Cet exemple d’ingénierie culturel parmi bien d’autre est édifiant d’immobilisme en Martinique, pour ce que nous savons, quand on sait qu’il est en mesure de procurer non seulement certains financements artistiques et culturels mais qu’il favorise l’activité et l’emploi dans un contexte malheureux de dépression sociale.
Pourquoi les collectivités et ou les intercommunalités laissent-elles encore la gestion de ces moyens inutilisés à l’Etat ?

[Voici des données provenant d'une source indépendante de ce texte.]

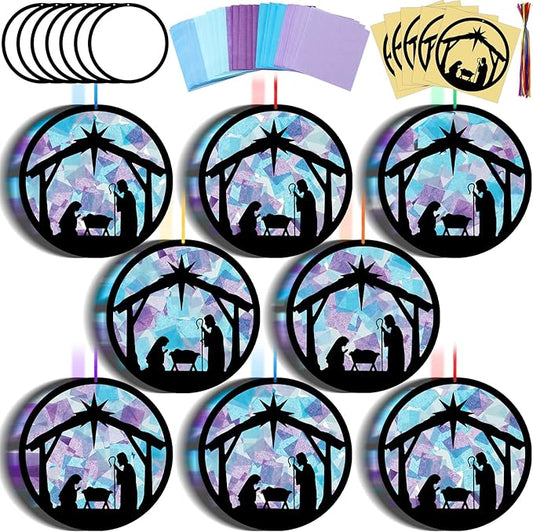 Eersida 32 Sets Christmas Nativity Suncatchers Craft Kit DIY Christianity Tissue Paper VBS Sunday School Craft Make a Nativity Tissue Paper Kit for Holy Night Christian Religious Lent Bible Window Art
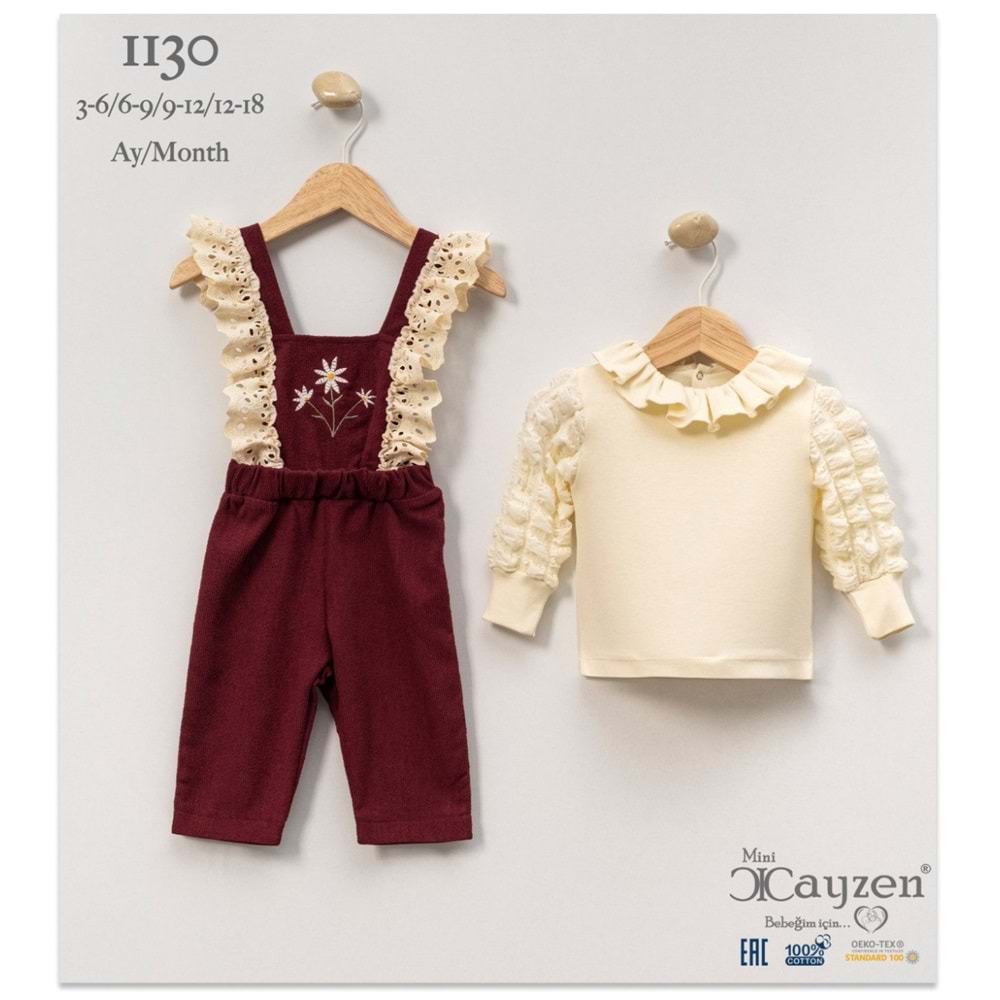 Cayzen 3-12 Aylık Kız Bella Lace Slopet Takım -1130368 - BORDO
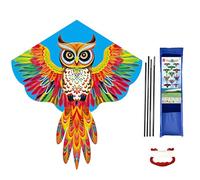 Cometa de Búho, 52×46inch Cometa de una Sola línea con Hilo de Cola de 51cm de Largo para Niños y Adultos Principiantes, Juegos al Aire Libre, Viaje a La Playa, Regalo de Cometas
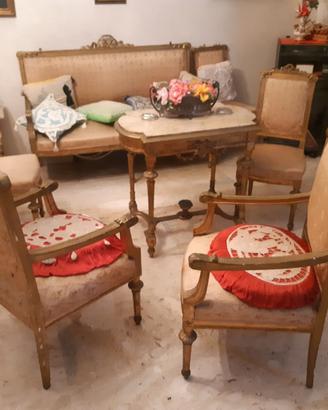 Antiquariato Soggiorno dorato Luigi XVI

L’économie culturelle adossée à ces dispositifs devrait permettre de financer avec l’Etat, me semble-t-il, et de manière pérenne, par exemple la relance du Salon du livre en Martinique créé en 2004 et 2005 par la Ville de Schoelcher ; l’itinérance d’un Festival de musique, de contes et de danses de la tradition ; l’itinérance d’ateliers de formation comme l’a initié le SERMAC dans les quartiers de Fort de France ; l’itinérance d’expositions et de tournées artistiques de danse moderne, de théâtre, de musique, de chant choral, et de cinéma.
Je suis persuadé que ces pistes une fois comprises et approfondies, sont de nature à mieux accompagner les collectivités, intercommunalités notamment, confrontées inéluctablement aux enjeux de mutations sociales.
L’équation, volonté par financement sur mutualisation devrait aboutir à la réussite et à la satisfaction publique. J’en suis convaincu.